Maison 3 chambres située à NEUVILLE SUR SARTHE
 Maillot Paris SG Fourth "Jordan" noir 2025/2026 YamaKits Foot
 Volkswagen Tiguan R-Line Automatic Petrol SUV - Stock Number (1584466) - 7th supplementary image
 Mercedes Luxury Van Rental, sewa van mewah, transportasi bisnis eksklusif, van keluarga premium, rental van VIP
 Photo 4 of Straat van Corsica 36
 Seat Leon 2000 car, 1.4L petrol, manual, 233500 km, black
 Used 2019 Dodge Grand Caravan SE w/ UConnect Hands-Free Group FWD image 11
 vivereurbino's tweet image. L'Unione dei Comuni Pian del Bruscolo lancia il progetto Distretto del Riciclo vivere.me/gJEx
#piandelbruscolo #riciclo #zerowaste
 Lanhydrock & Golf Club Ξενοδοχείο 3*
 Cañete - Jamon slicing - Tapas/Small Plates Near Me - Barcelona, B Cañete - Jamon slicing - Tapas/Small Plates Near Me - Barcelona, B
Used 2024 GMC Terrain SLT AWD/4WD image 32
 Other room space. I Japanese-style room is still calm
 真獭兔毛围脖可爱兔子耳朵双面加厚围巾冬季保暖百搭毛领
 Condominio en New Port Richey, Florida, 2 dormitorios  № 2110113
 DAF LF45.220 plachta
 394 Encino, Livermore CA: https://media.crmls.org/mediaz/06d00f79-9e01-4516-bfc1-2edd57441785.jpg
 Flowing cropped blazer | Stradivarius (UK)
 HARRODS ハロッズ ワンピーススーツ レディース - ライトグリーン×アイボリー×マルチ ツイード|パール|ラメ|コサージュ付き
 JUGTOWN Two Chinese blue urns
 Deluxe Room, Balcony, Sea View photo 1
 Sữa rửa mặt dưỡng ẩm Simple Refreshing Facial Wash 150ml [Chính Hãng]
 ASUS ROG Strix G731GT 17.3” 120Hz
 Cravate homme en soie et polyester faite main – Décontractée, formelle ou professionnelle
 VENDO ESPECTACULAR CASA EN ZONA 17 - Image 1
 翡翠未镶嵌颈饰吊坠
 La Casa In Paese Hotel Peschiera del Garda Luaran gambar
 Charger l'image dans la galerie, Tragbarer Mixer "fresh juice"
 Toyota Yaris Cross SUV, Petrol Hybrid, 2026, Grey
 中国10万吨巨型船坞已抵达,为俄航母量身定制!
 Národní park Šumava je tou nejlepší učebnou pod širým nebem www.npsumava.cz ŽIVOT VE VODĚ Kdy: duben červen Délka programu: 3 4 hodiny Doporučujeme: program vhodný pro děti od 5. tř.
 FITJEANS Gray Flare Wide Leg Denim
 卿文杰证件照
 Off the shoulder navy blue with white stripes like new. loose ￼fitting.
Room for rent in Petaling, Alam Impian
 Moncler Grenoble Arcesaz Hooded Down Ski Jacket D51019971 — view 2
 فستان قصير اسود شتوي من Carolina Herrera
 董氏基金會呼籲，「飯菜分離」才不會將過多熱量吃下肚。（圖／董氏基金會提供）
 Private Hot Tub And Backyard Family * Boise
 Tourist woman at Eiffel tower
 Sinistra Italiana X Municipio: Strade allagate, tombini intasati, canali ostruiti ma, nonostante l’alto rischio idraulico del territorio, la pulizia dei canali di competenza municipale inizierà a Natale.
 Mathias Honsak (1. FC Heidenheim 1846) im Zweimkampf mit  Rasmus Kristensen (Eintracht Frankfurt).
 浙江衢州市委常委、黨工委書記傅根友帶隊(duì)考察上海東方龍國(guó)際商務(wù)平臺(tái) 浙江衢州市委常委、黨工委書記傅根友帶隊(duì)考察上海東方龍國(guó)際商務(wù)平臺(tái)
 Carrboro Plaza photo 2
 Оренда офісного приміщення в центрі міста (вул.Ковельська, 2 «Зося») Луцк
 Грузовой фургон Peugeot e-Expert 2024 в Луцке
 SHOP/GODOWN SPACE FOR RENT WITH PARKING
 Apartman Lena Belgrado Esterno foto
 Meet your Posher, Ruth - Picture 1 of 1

WHAT IS EXPECTED:
From the listing above, output exactly the run of lines that starts with the line containing "JUGTOWN Two Chinese blue urns" and ends with the line containing "Toyota Yaris Cross".

EXERCISE RESULT:
 JUGTOWN Two Chinese blue urns
 Deluxe Room, Balcony, Sea View photo 1
 Sữa rửa mặt dưỡng ẩm Simple Refreshing Facial Wash 150ml [Chính Hãng]
 ASUS ROG Strix G731GT 17.3” 120Hz
 Cravate homme en soie et polyester faite main – Décontractée, formelle ou professionnelle
 VENDO ESPECTACULAR CASA EN ZONA 17 - Image 1
 翡翠未镶嵌颈饰吊坠
 La Casa In Paese Hotel Peschiera del Garda Luaran gambar
 Charger l'image dans la galerie, Tragbarer Mixer "fresh juice"
 Toyota Yaris Cross SUV, Petrol Hybrid, 2026, Grey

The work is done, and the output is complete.